> WORK REQUEST
Emit a verbatim copy of the lines below from the line with "Aerial view of" through the line with "Woman in knit", excluding pictures and everything outside that range.

> EXERCISE INPUTS

**********

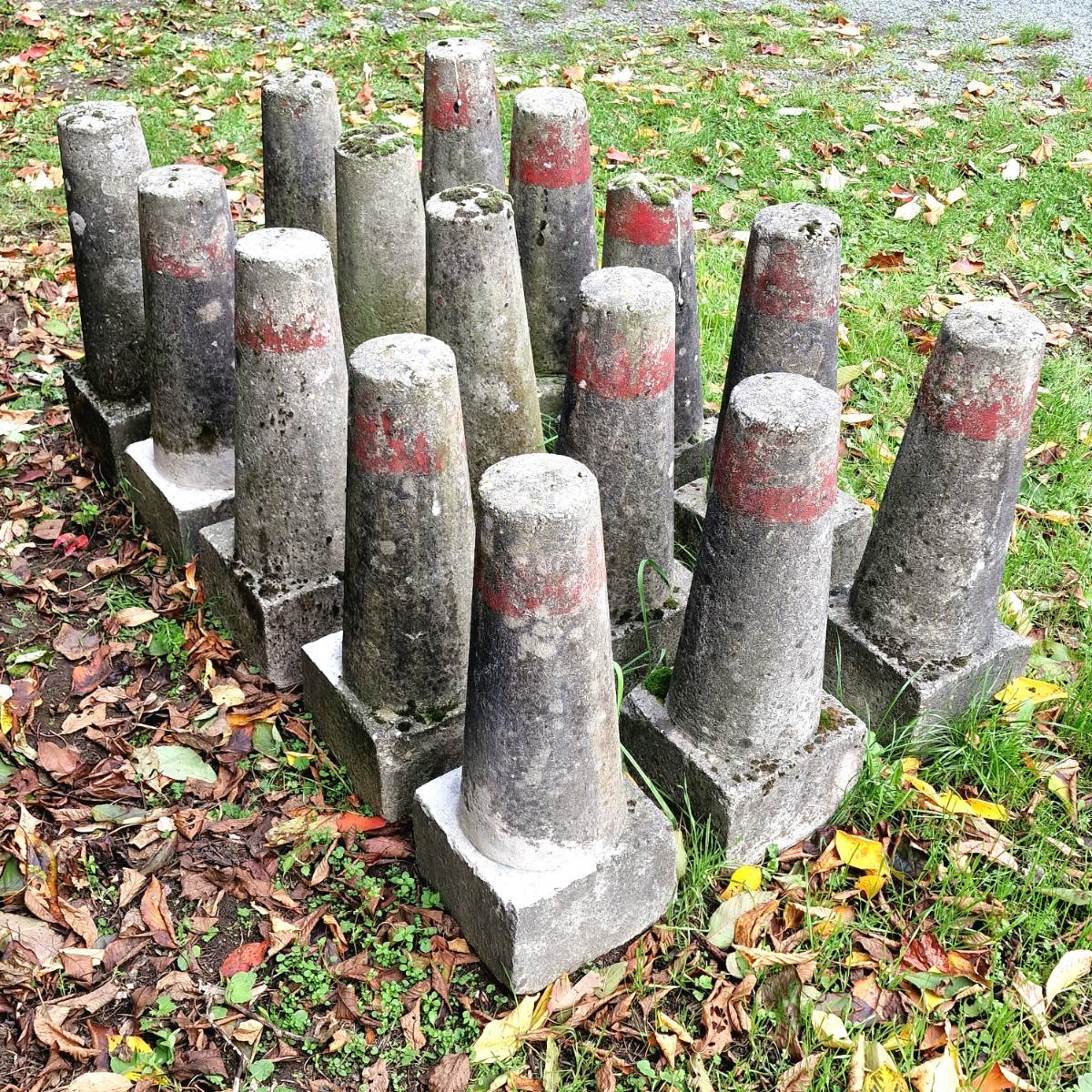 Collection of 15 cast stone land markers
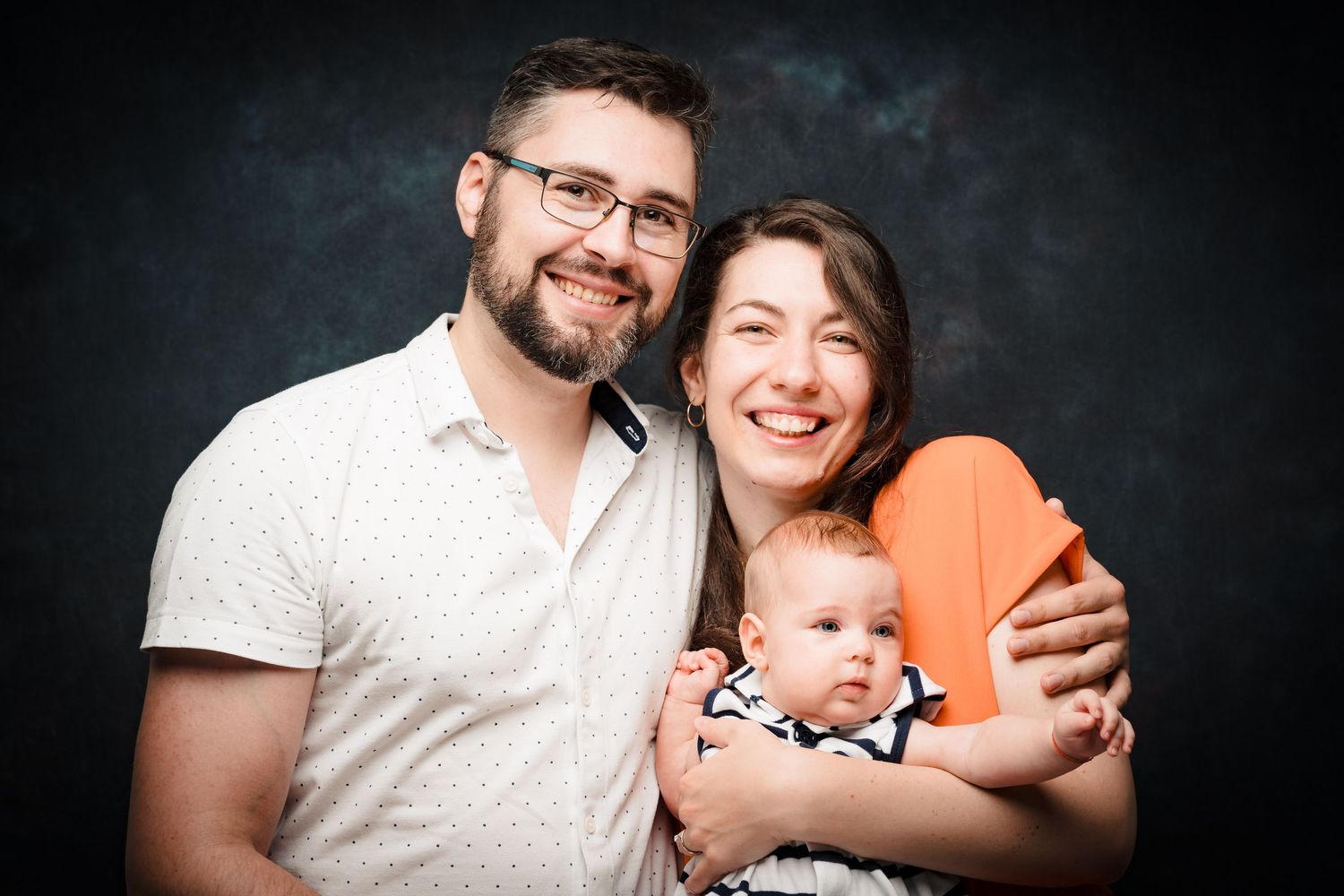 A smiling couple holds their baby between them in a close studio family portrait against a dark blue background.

**********

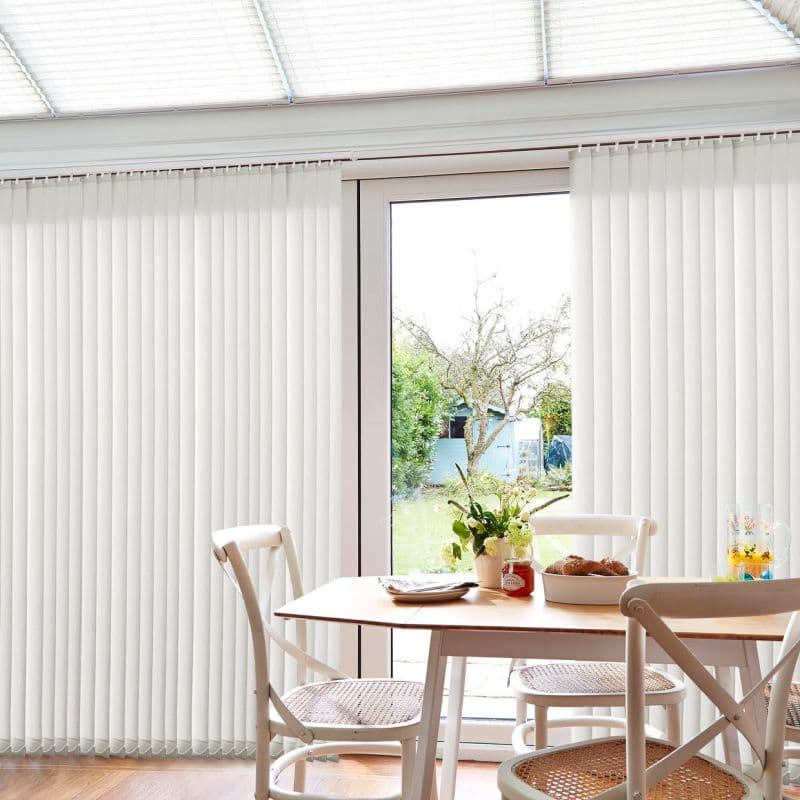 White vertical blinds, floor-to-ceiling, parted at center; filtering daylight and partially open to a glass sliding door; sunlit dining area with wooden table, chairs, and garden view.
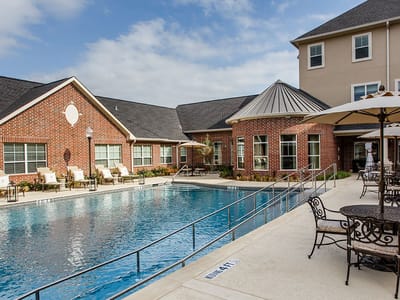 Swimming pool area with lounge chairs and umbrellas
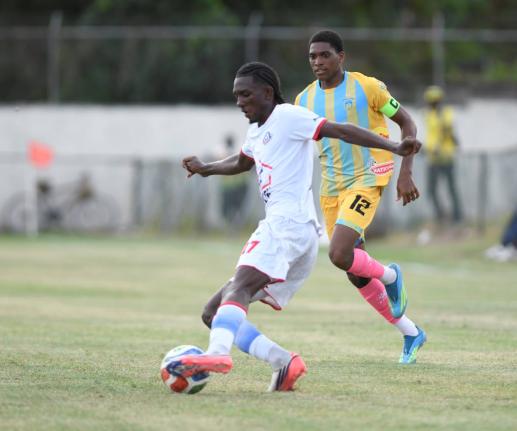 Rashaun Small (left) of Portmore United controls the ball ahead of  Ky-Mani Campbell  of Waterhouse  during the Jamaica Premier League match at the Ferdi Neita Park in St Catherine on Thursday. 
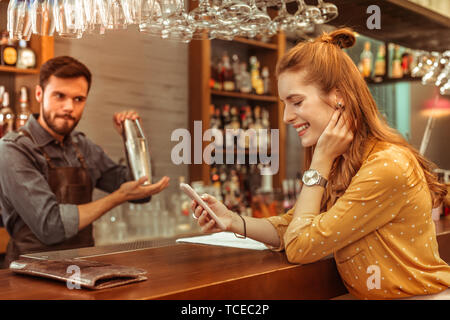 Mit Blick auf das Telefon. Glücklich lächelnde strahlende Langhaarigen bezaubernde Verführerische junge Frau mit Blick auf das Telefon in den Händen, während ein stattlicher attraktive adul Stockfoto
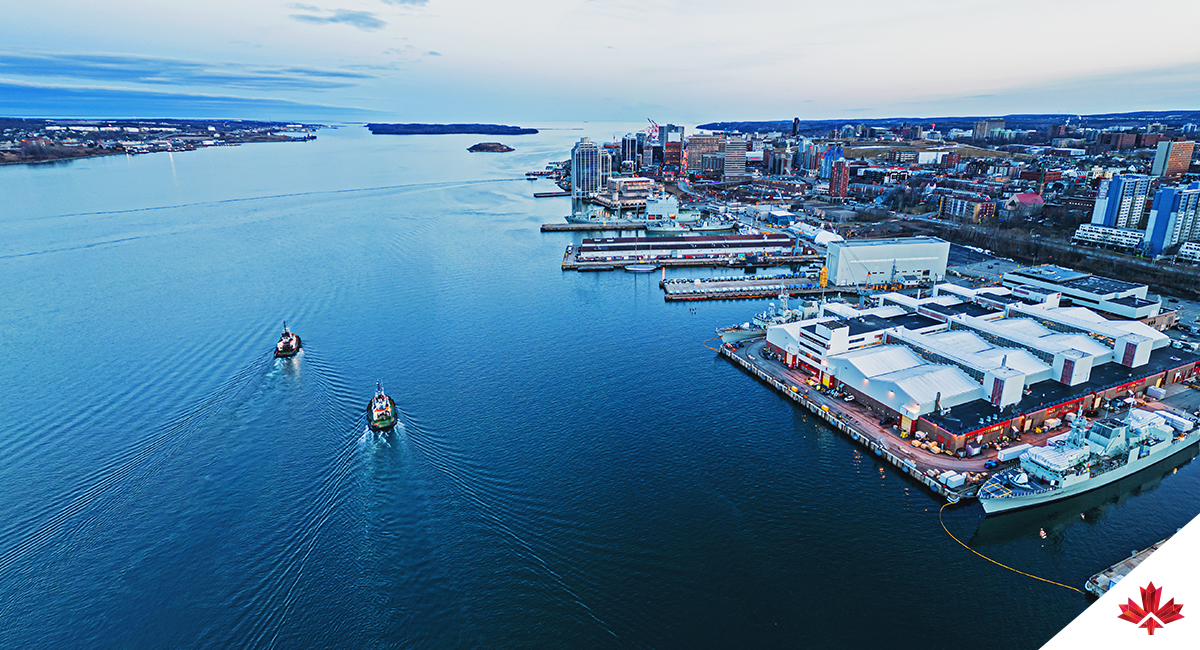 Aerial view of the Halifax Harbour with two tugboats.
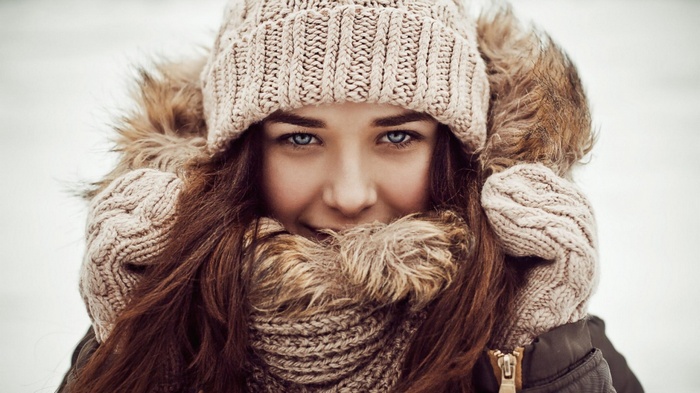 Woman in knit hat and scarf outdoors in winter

**********

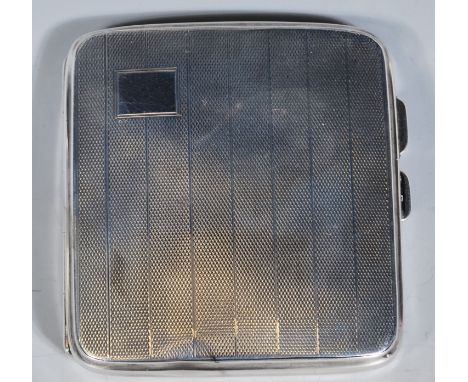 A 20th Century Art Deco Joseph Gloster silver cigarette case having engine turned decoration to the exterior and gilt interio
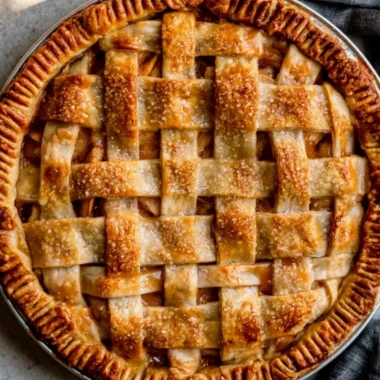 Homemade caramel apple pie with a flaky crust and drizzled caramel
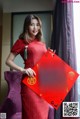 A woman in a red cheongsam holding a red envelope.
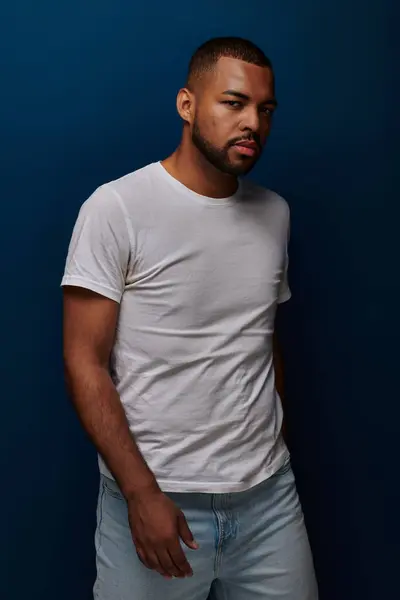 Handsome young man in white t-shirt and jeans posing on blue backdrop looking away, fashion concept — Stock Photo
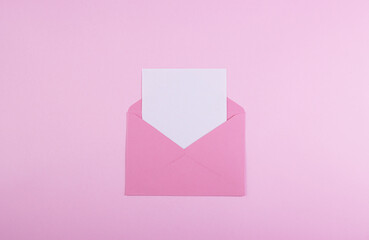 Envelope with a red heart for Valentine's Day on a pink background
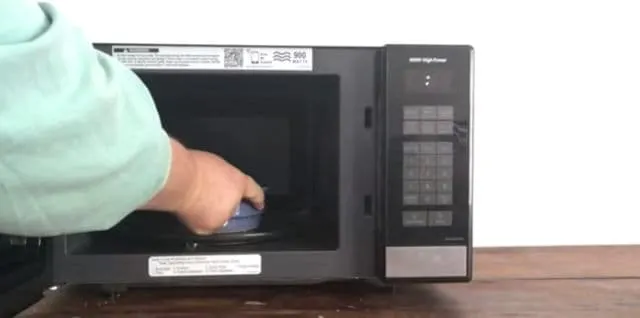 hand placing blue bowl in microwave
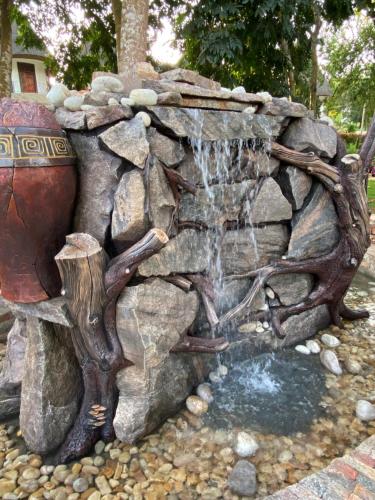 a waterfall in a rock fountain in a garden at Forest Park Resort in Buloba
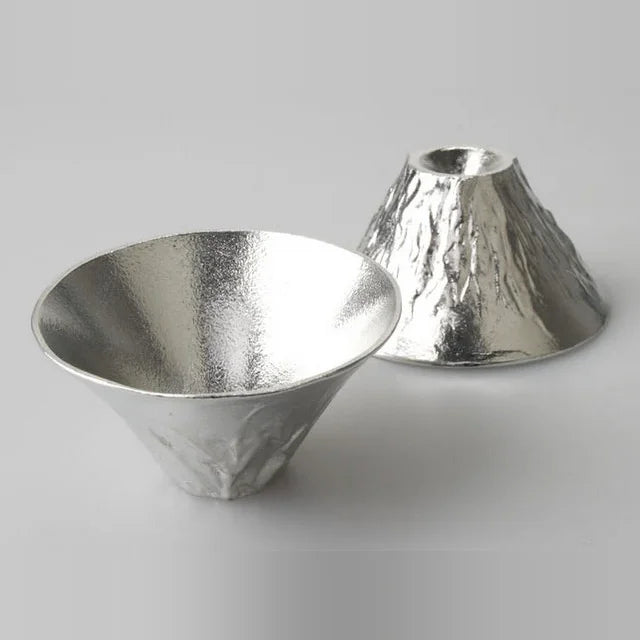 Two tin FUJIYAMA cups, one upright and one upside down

**********

> OUTPUT FOR THIS TASK
 Aerial view of the Halifax Harbour with two tugboats.
 Woman in knit hat and scarf outdoors in winter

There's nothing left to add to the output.